The recent economic downturn has magnified already-growing pressures on development teams. Meeting the bottom line requires making good design decisions, delivering on time, and increasing the predictability of development—all good reasons to move to Agile development. But what are the sorts of projects that are most likely to maximize Agile benefits while minimizing the costs? Picking the right starting point will not only bring the benefits of Agile development earlier, but also make it easier to demonstrate these benefits to stakeholders in your organization.
Join Forrester Senior Analyst, Tom Grant, and Rally Software EVP of Marketing, Richard Leavitt, for this can’t-miss discussion. You will: Learn where to expect the maximum productivity benefits and cost savings while implementing Agile, and Discover which projects will have the most impact on your organization’s bottom line.
Q: Here is a question around predictability. So predictability in short run makes sense - What about analysis of the "current" status and life-of-project predictability?
A:
Tom Grant, Senior Analyst, Forrester Research: In working with many different companies, large and small, it makes me think about, what was it that most frustrated the relationship between the development team and executives. It was around the executive’s inability to gage where exactly the project is. What sort of decisions where being made that affected the ultimate output? We had set some goals but maybe some design decisions changed over time. In that sense, I think what Agile is doing is not just the individual sprints predictable. To the extent where you can add up the individual sprints and see where the long term release is going to fall on the calendar which makes that more predictable. Also, there is the element of predictability that comes when the stakeholder is involved. Where they can look at what is coming through the development process and as I mentioned earlier to have earlier opportunities to evaluate and give feedback based on company priorities from the executives, and market feedback through marketing and sales. In that sense you are making something that is a more predictable set of releases in the longer term. Also, in terms of the parties that need to know this information, where is the roadmap headed beyond each individual release.

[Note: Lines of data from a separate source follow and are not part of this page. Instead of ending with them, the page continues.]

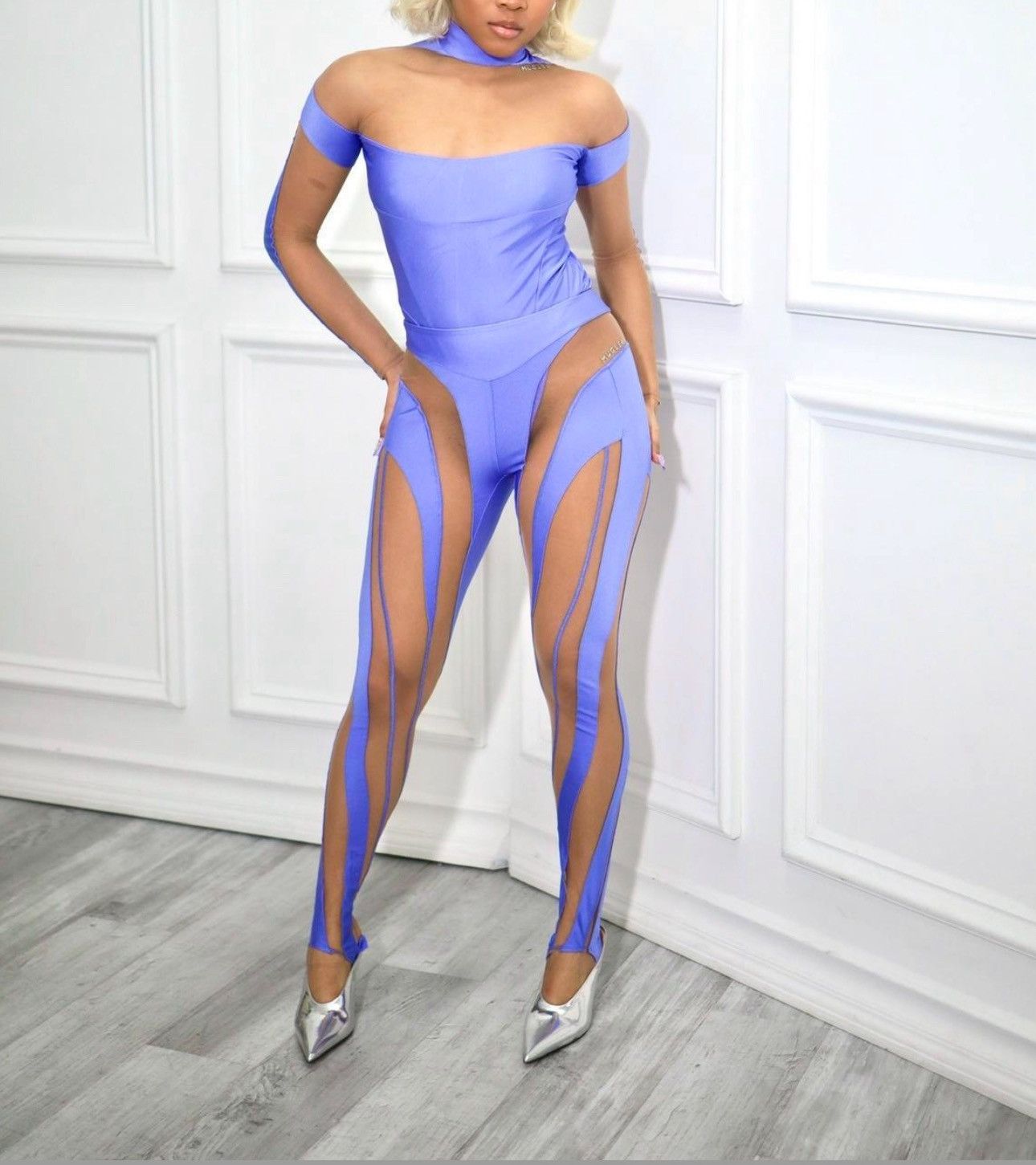 MUGLER lilac purple mesh illusion bodysuit & leggings.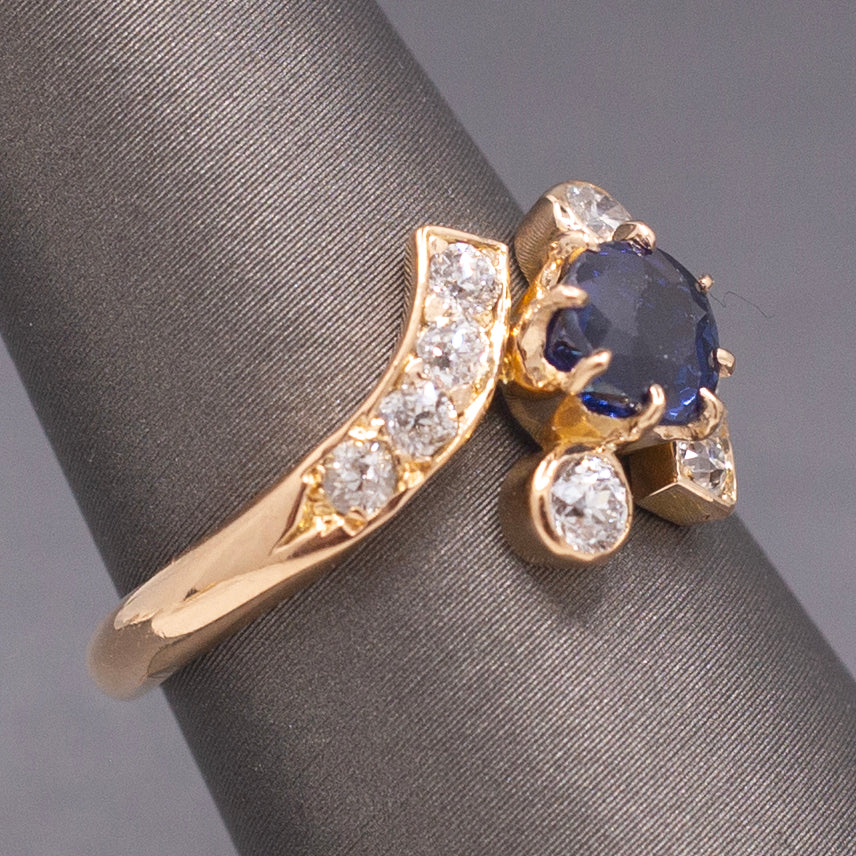 Victorian GIA Certified Royal Blue Sapphire and Old Cut Diamond Ring in 14k Yellow Gold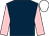 Dark blue, pink sleeves, white cap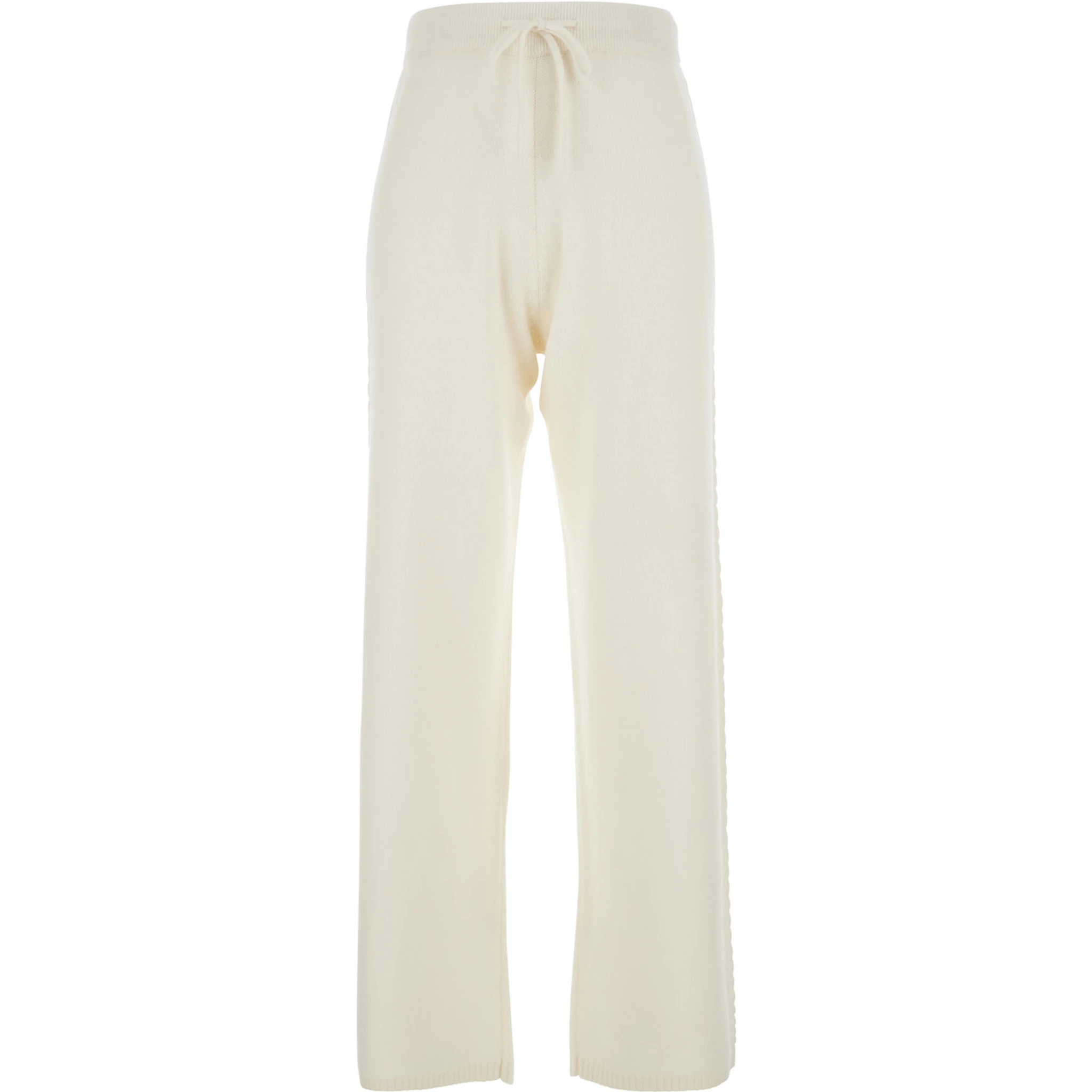 White Pants with Elastic Drawstring Waist in Cashmere Woman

What strikes me often in companies who have adopted Agile is that they are more willing to move to a model where they are releasing often and getting a lot of feedback. They are also increasingly more transparent to their customers in letting them know what they are doing.
Q: Can / should agile be applied in the "enhancement" space? Here is someone in an Enterprise IT organization aimed at keeping a finance company operational, not a monolithic product offering. So much of their work is around enhancements across multiple applications. What does adoption look like for an IT organization? How is Agile best applied?
A:
Ryan Martens, CTO & Founder, Rally Software Development: I am not going to say there is one right way, though I have seen a number of organizations adopt it in this path.
This path is that they tend to adopt it first in those software services that face customers and partners. These applications are providing value to the organization, or direct revenue to the organization. The web groups tend to be the first ones to adopt it, because they are trying to compete and they are almost behaving like product organizations. What happens when this goes on is that the web groups might be the first and then realize that need middle ware services from either the larger organization in IT or mainframe groups in IT to support them. They tend to bring those people onto their team and one of the answers is that they then create monolithic product organizations within IT. What happens when that process takes place is that the maintenance associated with those services then is owned by those teams so the enhancements teams get folded into almost product like teams. That is certainly one way we have seen IT organization “eat” Agile.
We have also seen IT organizations come at it at just the opposite way. Where an organization is driven in supporting big SAP implementations where SAP runs a lot of the infrastructure of their business. Here they will actually pick up entire application areas and focus parts of IT on specific lines of business, and in essence creates almost line of business teams in the regard. Again we tend to see maintenance and operations capabilities fold into those organizations.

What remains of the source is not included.